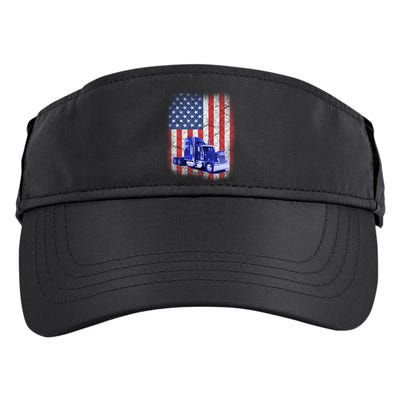 Vintage American Trucker USA Flag Adult Drive Performance Visor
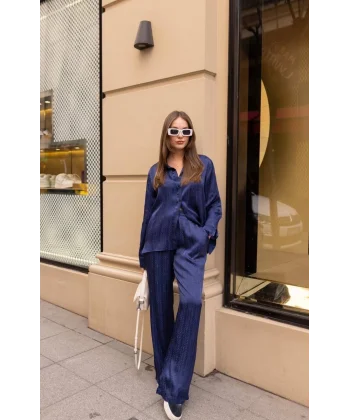 DESENLİ SATEN GÖMLEK PANTOLON TAKIM LACİVERT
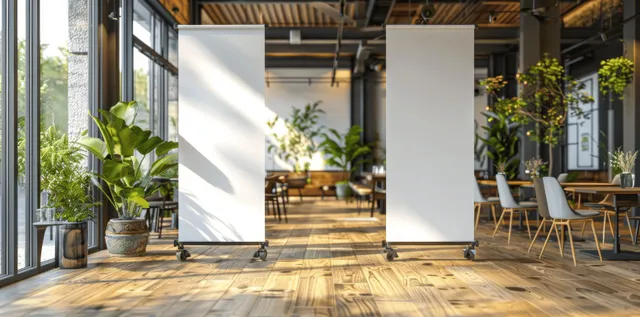 Blank roll-up banner stands in modern restaurant lobby with wooden floor and tall windows with Office Like Setting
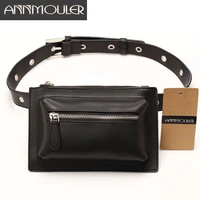annmouler brand designer women waist bag pu leather belt bag solid color phone pouch quality fanny pack adjustable waist packs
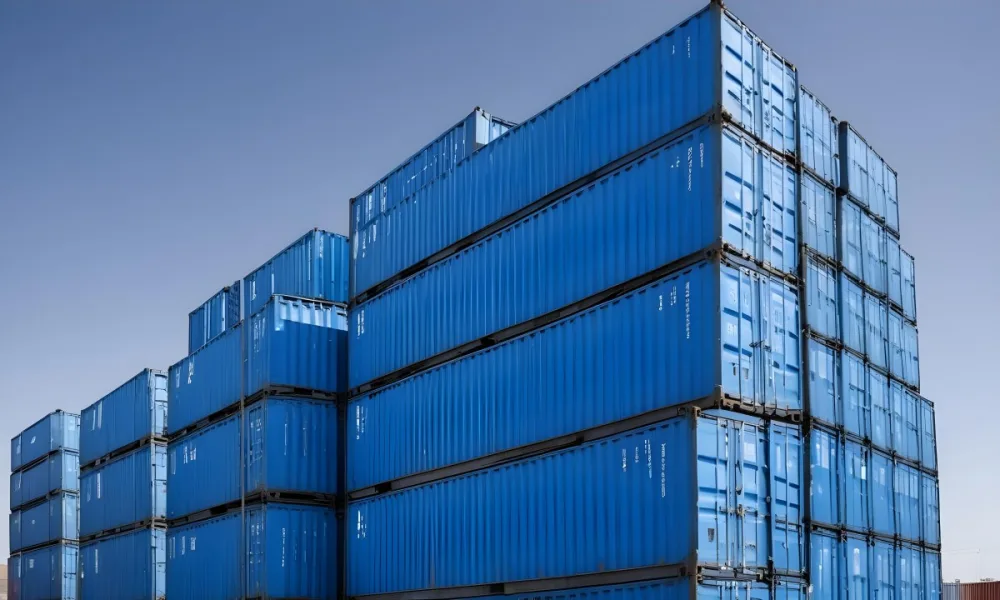 A Stack Of Blue Shipping Containers Arranged In A Staggered Formation Against A Clear Blue Sky Creating A Sense Of Industrial Scale And Logistical Complexity 22 Ee42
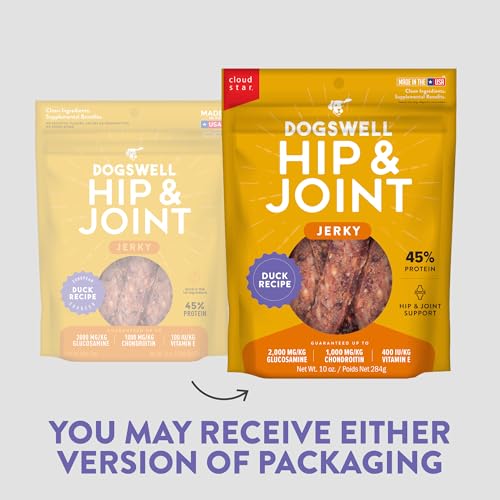 DOGSWELL jerky hip joint product image highlights glucosamine and chondroitin support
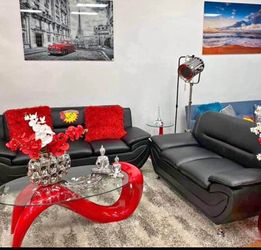 Black Faux Leather Sofa and Loveseat Set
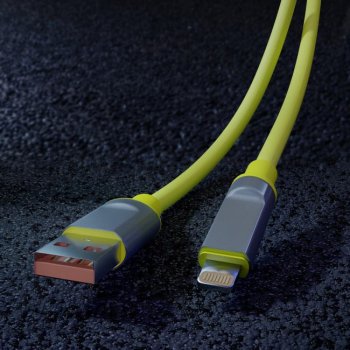 Кабель Smartbuy <IK-512BOLD-YELLOW> USB AM-->Lightning 1м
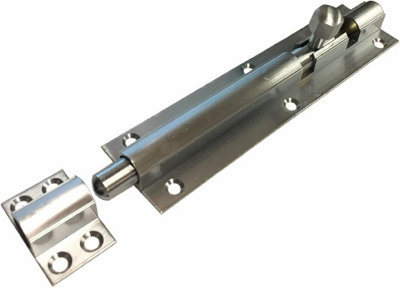 38mm Barrel Bolt Straight/neckedSatin Chrome Finish (Straight38mm X 150mm) from B&Q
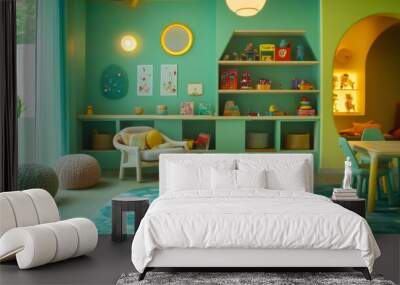 Use a warm palette of greens, blues, and yellows with soft glowing accents for a friendly atmosphere. Bright colors should create a fun vibe that's engaging for children without being overwhelming. Wall mural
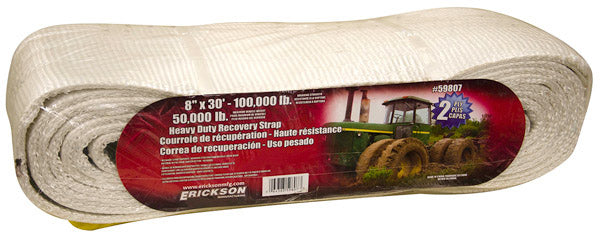 8" X 30' SUPER HEAVY DUTY RECOVERY STRAP WITH CARRY BAG - 100,000 Lb CAPACITY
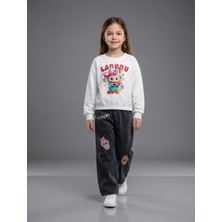 İncilay Kids Labubu Kız Çocuk Renkli Baskılı Sweat ve Kot Pantolon Takım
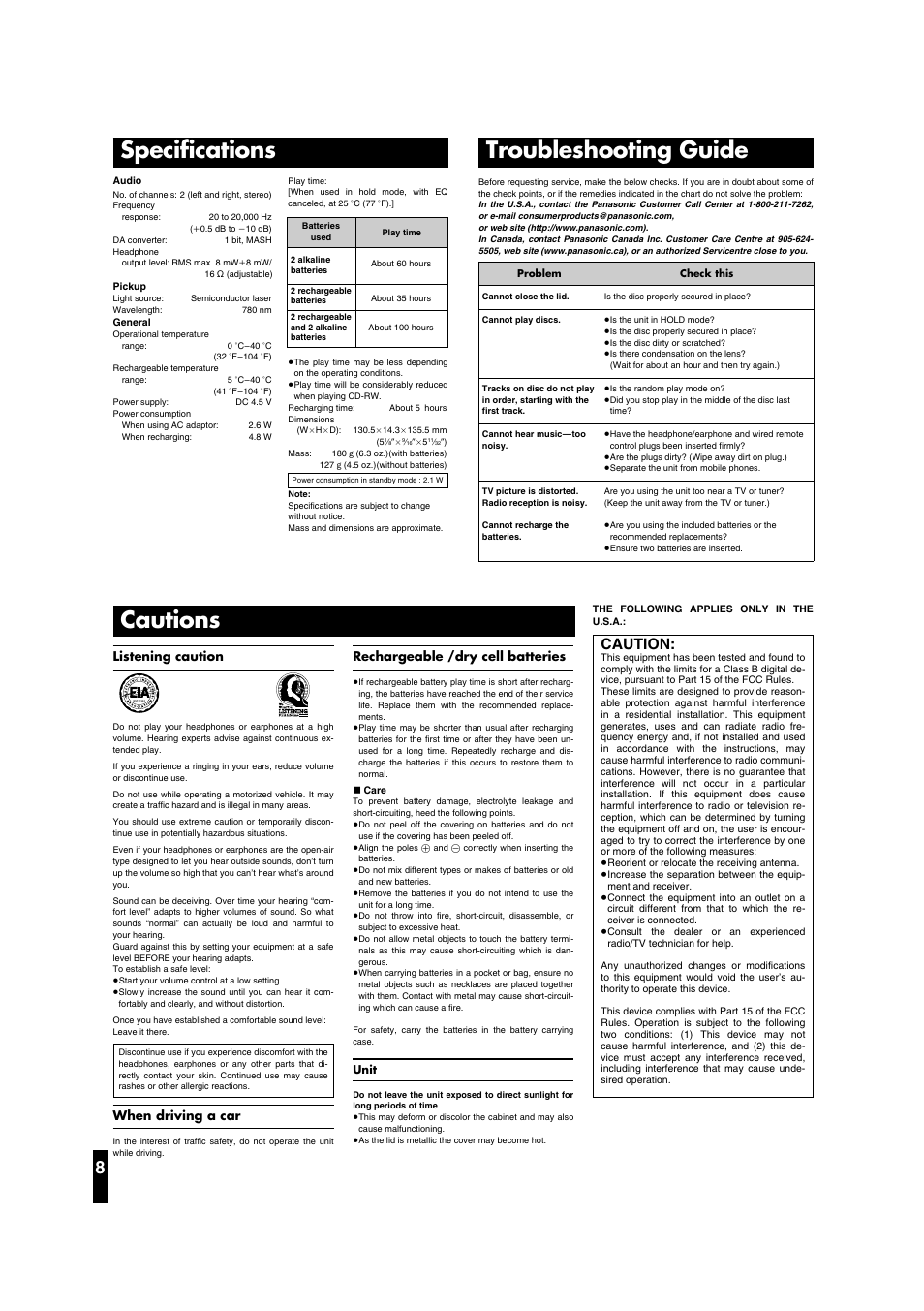 Specifications, Cautions, Troubleshooting guide | Caution, Listening caution, Rechargeable /dry cell batteries, When driving a car | Panasonic SL-CT790 User Manual | Page 8 / 8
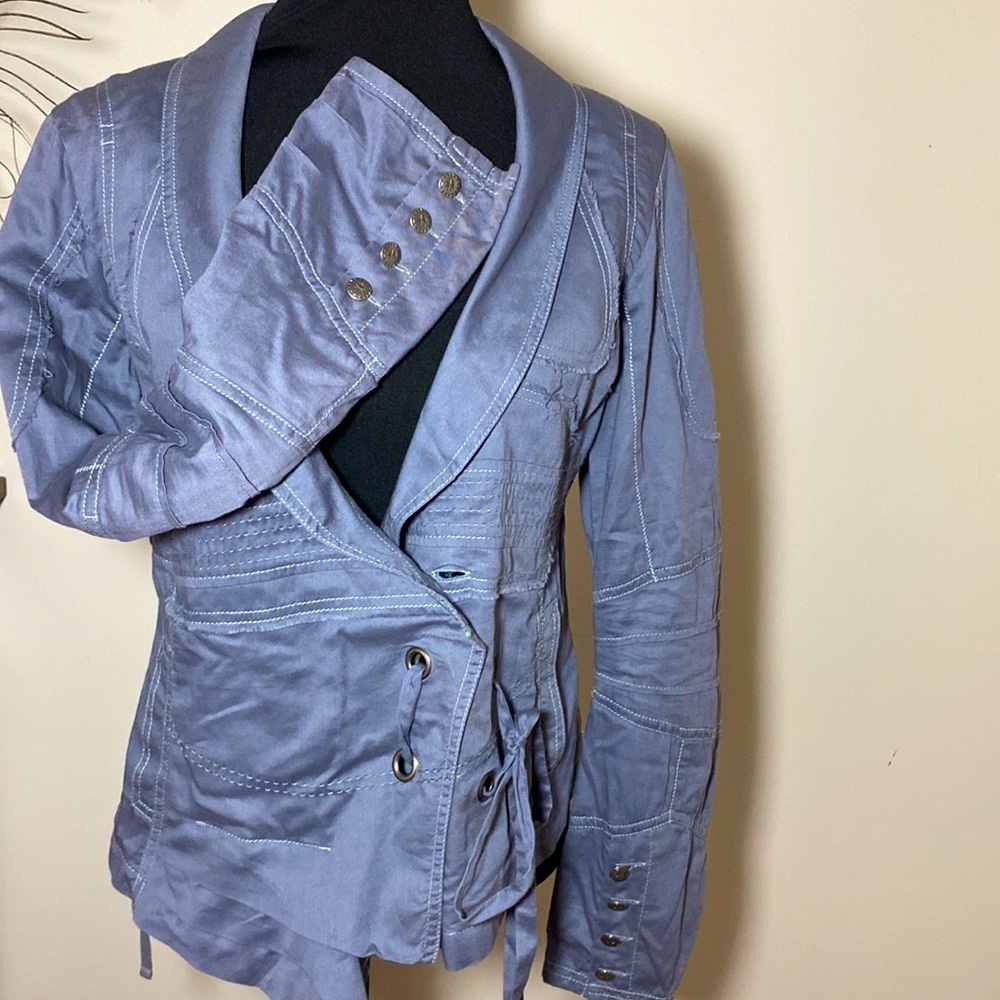Women’s R 867 Moto utility jacket blazer coat  L XL gray blue excellent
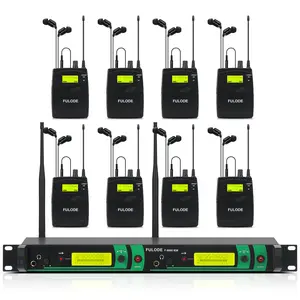 UHF Wireless In-Ear Monitor System, 2-Channel Durable Metal Audio Sound Monitor with LCD Display, 8 Bodypacks, In-Earphones, 2x40 Frequencies, 330ft Range for Stage, Studio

+--

» EXERCISE REQUIREMENTS:
Make an exact copy of the records shown above, without the pictures.

» RESPONSE BOX:
 Vintage American Trucker USA Flag Adult Drive Performance Visor
 DESENLİ SATEN GÖMLEK PANTOLON TAKIM LACİVERT
 Blank roll-up banner stands in modern restaurant lobby with wooden floor and tall windows with Office Like Setting
annmouler brand designer women waist bag pu leather belt bag solid color phone pouch quality fanny pack adjustable waist packs
 A Stack Of Blue Shipping Containers Arranged In A Staggered Formation Against A Clear Blue Sky Creating A Sense Of Industrial Scale And Logistical Complexity 22 Ee42
 DOGSWELL jerky hip joint product image highlights glucosamine and chondroitin support
 Black Faux Leather Sofa and Loveseat Set
 Кабель Smartbuy <IK-512BOLD-YELLOW> USB AM-->Lightning 1м
 38mm Barrel Bolt Straight/neckedSatin Chrome Finish (Straight38mm X 150mm) from B&Q
 Use a warm palette of greens, blues, and yellows with soft glowing accents for a friendly atmosphere. Bright colors should create a fun vibe that's engaging for children without being overwhelming. Wall mural
 8" X 30' SUPER HEAVY DUTY RECOVERY STRAP WITH CARRY BAG - 100,000 Lb CAPACITY
 İncilay Kids Labubu Kız Çocuk Renkli Baskılı Sweat ve Kot Pantolon Takım
 Specifications, Cautions, Troubleshooting guide | Caution, Listening caution, Rechargeable /dry cell batteries, When driving a car | Panasonic SL-CT790 User Manual | Page 8 / 8
Women’s R 867 Moto utility jacket blazer coat  L XL gray blue excellent
 UHF Wireless In-Ear Monitor System, 2-Channel Durable Metal Audio Sound Monitor with LCD Display, 8 Bodypacks, In-Earphones, 2x40 Frequencies, 330ft Range for Stage, Studio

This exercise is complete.